Mark Goodsell March 18th, 2010 11:14 AM

Which New Editor: Vegas or Premier?
 
Hello. I am active on the Sony Z5 board. I'm basically shopping for a new video editor and going to ramp up to a new PC to fit the editor I go with. I posted a few things on this group already about Vegas and I really appreciate your help and suggestions. Vegas Pro and Premier Production Suite are the two I currently have in my sights. I was a long-time Pinnacle Studio user and I've dabbled with Vegas some years ago. I found it was quite stable but took a while to figure out the UI. But other than that it worked fine. I was attracted to the stability of Vegas. There didn't seem to be much in the way of special effects at that time, and, of course, the audio portion of it ...and Sound Forge is quite nice. I did not use it enough to become an expert by any means and I'm sure a lot has changed since Vegas 4.

I have not used Premier, ever, but I am attracted to it due to the ability to integrate Photoshop and Afteraffects and how they 'supposedly' all integrate together. It seems like there is an endless number of features and correction/creation tools and capabilities. I can see myself using a number of these features to gussy up my videos. I don't know how well the DVD authoring tools work with Premier but from the tutorials the whole package appears pretty powerful. I would probably buy the Production Suite which is about $1,600 and includes Premier, Photoshop, Flash, SonicFire and a bunch of other programs. About all I know about Premier is from the online tutorials which I must say look pretty impressive.

I am ramping up to produce a series of travel videos. My needs will be to produce a broadcast ready product where some effects would be nice but it's not by any means core to our product. Color correction will be. DVD creation and web clips are going to be essential as well as music creation. We shoot HDV. AVCHD probably isn't too far around the corner for us and a 7D is on the wish list. There are a few other pet projects I would like to get into where effects from, say, after effects and photoshop would likely be required.

I'm not trying to incite a flame war here, I'm looking for honest and thoughtful discussion based on relatively recent experience (programs do change over time). I've heard Premier is slow, some stability issues, audio tools are weak.

In your opinion, what is the Good, Bad, Ugly between Vegas and Premier?

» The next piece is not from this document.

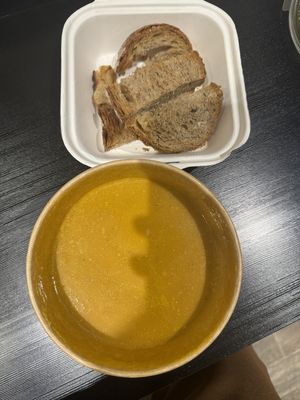 Carrot soup with sourdough bread  at Backyard Cafe - Riverside in Phnom Penh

Thank you for your insight.

John Stakes March 18th, 2010 11:42 AM

Hello Mark,
Unfortunately (well, fortunately in the long run) you are going to get the most valuable information through your own research. I can say that I don't hear many bad things about Vegas, though I have never used it, and probably never will. I just don't like it, the interface or anything about it. Oh, and I am proudly biassed ; ).

I can however speak for Premiere. I have worked with Adobe CS3 for about 2 years now. I also worked with CS2 for about a year. CS4 I hear is not as good as the previous version, and I also hear that they removed some of the very valuable features that were part of CS3. One thing about Premiere...the user interface is probably the easiest to navigate of all that I have seen. As far as color correction, it has some great tools built in...I believe After Effects does as well, but costs a pretty penny! If yuo go this route, I would consider Encore for your DVD authoring.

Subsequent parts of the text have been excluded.